Your task this week is to define two functions that move data between “array of records” storage and “record of arrays” storage.

def aor_to_roa(arr)
  # This method accepts an array of records, and
  # should return a single record of arrays.
  #
  # This is your task!
end

def roa_to_aor(rec)
  # This method accepts a record of arrays, and
  # should return a single array of records.
  #
  # This is also your task!
end

You should make this work with OpenStruct; do not limit yourself to the example records shown above.

There are two, optional extra-credits for this week.

  1. Extend these two functions to accept arbitrary classes.

  2. As an alternative to these two functions, create an adapter class that can wrap around “array of records” data to provide a “record of arrays” interface without actually moving data about.

Summary

It is worthwhile to note that, for most real situations, this week’s quiz problem isn’t necessary. From a human perspective, we naturally organize things in aggregate, as structured records. Whether it be object-oriented data, rows in a SQL table, XML records or other, that’s how we naturally organize things. Except for a few specialized conditions, collections of records are sufficient for our organizational needs as either programmers or users.

What are those specialized conditions? I can think of a couple situations:

  1. Performance. When dealing with older hardware, or perhaps specialized hardware (e.g. vector units on some processors or GPUs), it can be quite beneficial to “de-organize” data. Tight, little loops can then quickly process individual bits of data, and not be required to either process nor hold the whole data record.

  2. Interface. If the data must be provided to another library or component that expects parallel bits of data (e.g. a graphing component as suggested by the quiz), then obviously we need to provide the data as requested.

In the quiz, I asked that first for a data moving solution. This is often appropriate for performance situations, since an adapter does not provide the compact data that performance may require. (For example, some vector units may have limited memory, so it’s important to extract only the data needed for vector processing.)

The extra-credit adapter (wrapper) solution is more appropriate for interface situations. Here, especially with Ruby, we can easily wrap a new interface around the old, and make one set of data work in numerous situations.

Let’s start by looking at a solution that moves data into a new “record of arrays” structure, submitted by Andrea Fazzi.

def aor_to_roa(arr)
  hash = { }
  arr.each do |record|
    record.marshal_dump.each_key { |field|
      (hash[field] ||= []) << record.send(field)
    }
  end
  OpenStruct.new(hash)
end

This function accepts arrays of OpenStruct instances, as specified by the quiz. The outer loop enumerates over each record. For each record, marshal_dump is called: this is an instance method of OpenStruct and generates a hash consisting of field names associated to the field values.
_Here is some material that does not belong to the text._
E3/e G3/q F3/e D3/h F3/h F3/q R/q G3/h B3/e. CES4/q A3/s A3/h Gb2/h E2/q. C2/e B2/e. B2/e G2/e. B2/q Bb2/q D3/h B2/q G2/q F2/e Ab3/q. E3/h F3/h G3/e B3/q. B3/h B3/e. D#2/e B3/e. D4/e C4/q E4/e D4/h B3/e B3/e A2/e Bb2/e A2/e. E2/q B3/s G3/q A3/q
For each key in that hash, Andrea first ensures that the new hash is either already initialized, or gets initialized to an empty array. The old record is sent the field name as a message (which returns the field value), which is appended to the new hash’s array for that field. Finally, a new OpenStruct instance is returned, which takes the new hash as its content.
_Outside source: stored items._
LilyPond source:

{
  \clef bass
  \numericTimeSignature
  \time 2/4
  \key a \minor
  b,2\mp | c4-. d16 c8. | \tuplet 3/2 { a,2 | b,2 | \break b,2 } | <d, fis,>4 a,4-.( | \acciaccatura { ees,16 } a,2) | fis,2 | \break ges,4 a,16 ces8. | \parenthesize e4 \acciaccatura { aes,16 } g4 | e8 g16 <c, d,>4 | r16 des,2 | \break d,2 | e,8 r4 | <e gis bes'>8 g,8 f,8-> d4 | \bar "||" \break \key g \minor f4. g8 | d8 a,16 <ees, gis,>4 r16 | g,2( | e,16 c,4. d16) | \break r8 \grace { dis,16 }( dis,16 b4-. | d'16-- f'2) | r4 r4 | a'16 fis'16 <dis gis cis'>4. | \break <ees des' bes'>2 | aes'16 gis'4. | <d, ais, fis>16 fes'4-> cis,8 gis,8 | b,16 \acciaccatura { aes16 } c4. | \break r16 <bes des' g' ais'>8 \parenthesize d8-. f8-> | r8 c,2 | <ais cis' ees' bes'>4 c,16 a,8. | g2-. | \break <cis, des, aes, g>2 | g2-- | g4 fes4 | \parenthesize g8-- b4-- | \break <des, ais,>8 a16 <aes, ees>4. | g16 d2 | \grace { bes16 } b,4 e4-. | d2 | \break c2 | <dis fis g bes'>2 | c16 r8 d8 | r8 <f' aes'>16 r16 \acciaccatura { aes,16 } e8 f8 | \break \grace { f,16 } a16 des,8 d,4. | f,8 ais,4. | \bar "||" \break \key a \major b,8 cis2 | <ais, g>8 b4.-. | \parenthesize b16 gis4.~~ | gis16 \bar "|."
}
(On a side note… Technically, for vector units and similar situations, you’d need to move the actual data into a memory block, rather than mere copying of object references as done above… but the code is sufficient for displaying the basic idea.)
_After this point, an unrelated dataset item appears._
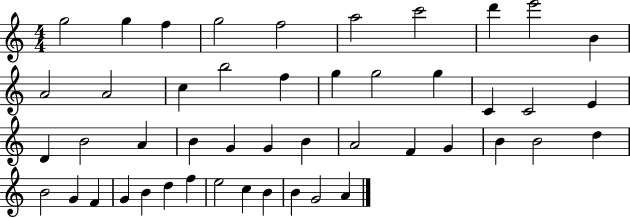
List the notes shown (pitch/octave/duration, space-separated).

G5/h G5/q F5/q G5/h F5/h A5/h C6/h D6/q E6/h B4/q A4/h A4/h C5/q B5/h F5/q G5/q G5/h G5/q C4/q C4/h E4/q D4/q B4/h A4/q B4/q G4/q G4/q B4/q A4/h F4/q G4/q B4/q B4/h D5/q B4/h G4/q F4/q G4/q B4/q D5/q F5/q E5/h C5/q B4/q B4/q G4/h A4/q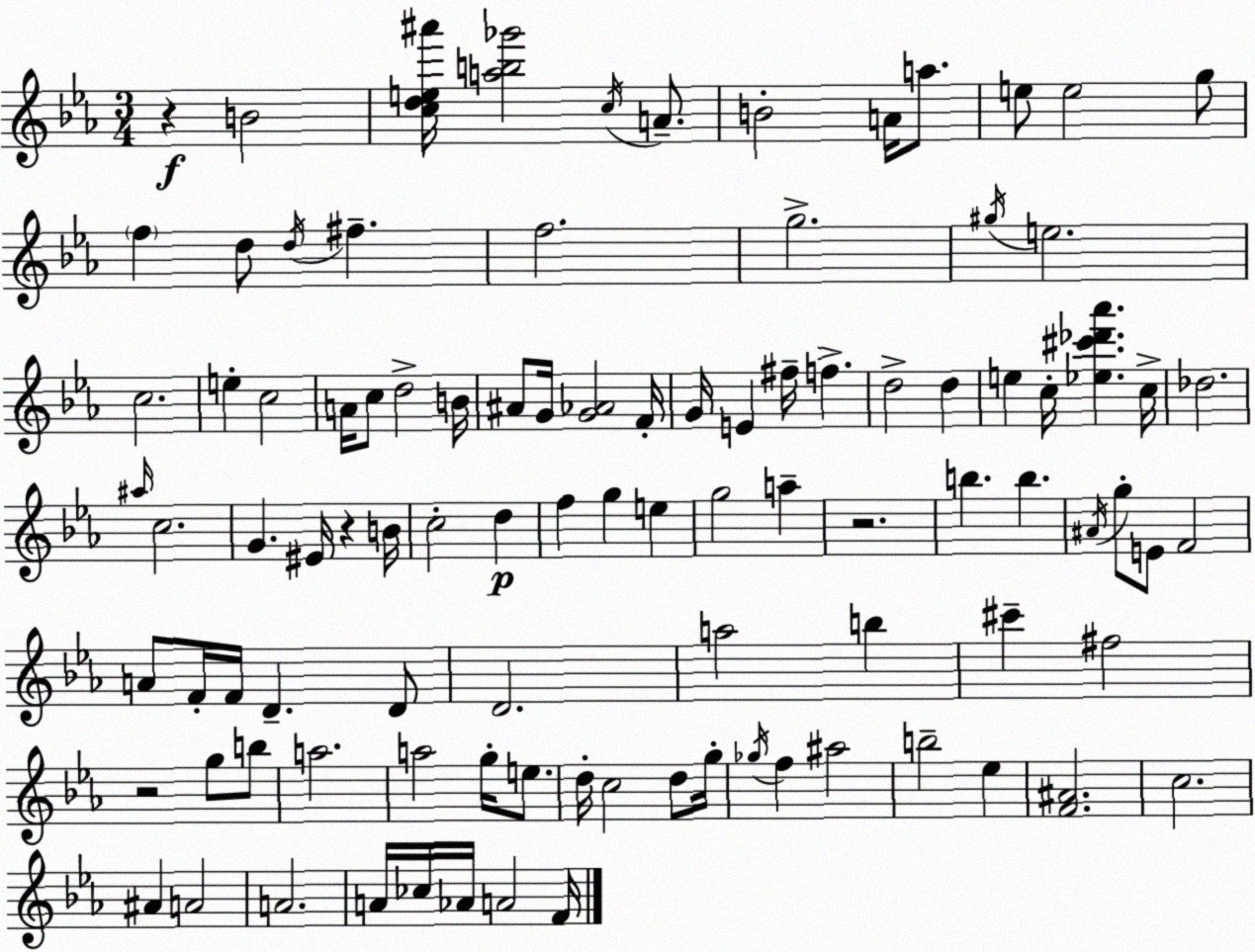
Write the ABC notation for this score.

I’m going to pass on talking about the opposite function: that is, moving data from a “record of arrays” to an “array of records.” Given that we usually store data as an “array of records,” this is less important since we can refer to the original data. Still, take a look at Andrea’s roa_to_aor method, which maintains a similar approach and simplicity.

I’m also not going to talk about pushing updates back to the original data for this case. Generally, this isn’t desireable for the typical cases (i.e. performance) that move/duplicate data. Either the data isn’t being modified, or if being modified, it gets pushed out the end of the pipe and intentionally lost. (Had I considered this when writing the quiz, I would have skipped my request for the roa_to_aor method.)

Situations that focus on interface, however, will prefer to work with the original data. In fact, it’s important that the adapter allow the original data to be modified to the extent it was originally modifiable: read-only data should not suddenly become read-write. (Another thing I should have put into the original quiz description… sorry.)

First, I want to look at the adapter from James Gray, which is quite simple and satifies the quiz description as was written. (I’ve left out the method __enum__, since it only existed to support roa_to_aor.)

class MapToEnum
   instance_methods.each { |meth|
       undef_method(meth) unless meth =~ /\A__/
   }

   def initialize(enum)
     @enum = enum
   end

   def method_missing(meth, *args, &block)
     @enum.map { |o| o.send(meth, *args, &block) }
   end
end

The first line undefines almost all the instance methods of this class (excepting those that start with two underscores), and does so immediately. To see what this leaves behind, try the following in irb:

> class WhatIsLeft
>   instance_methods.each { |m| undef_method(m) unless m =~ /\A__/ }
>   instance_methods
> end

=> ["__id__", "__send__"]

Basically, the intent here is that MapToEnum do very little on its own: most work will be passed onto the data, which we’ll see in a moment. Handly little thing… at least when using the class, but better to comment it out while debugging it.

The MapToEnum initializer simply remembers the array passed in, which is then used in method_missing. Here, any methods called except those above are sent to each of the objects in @enum. Using @enum.map means that arrays will be returned. And because all instance methods were cleared out first, you can do some other things besides getting the field names.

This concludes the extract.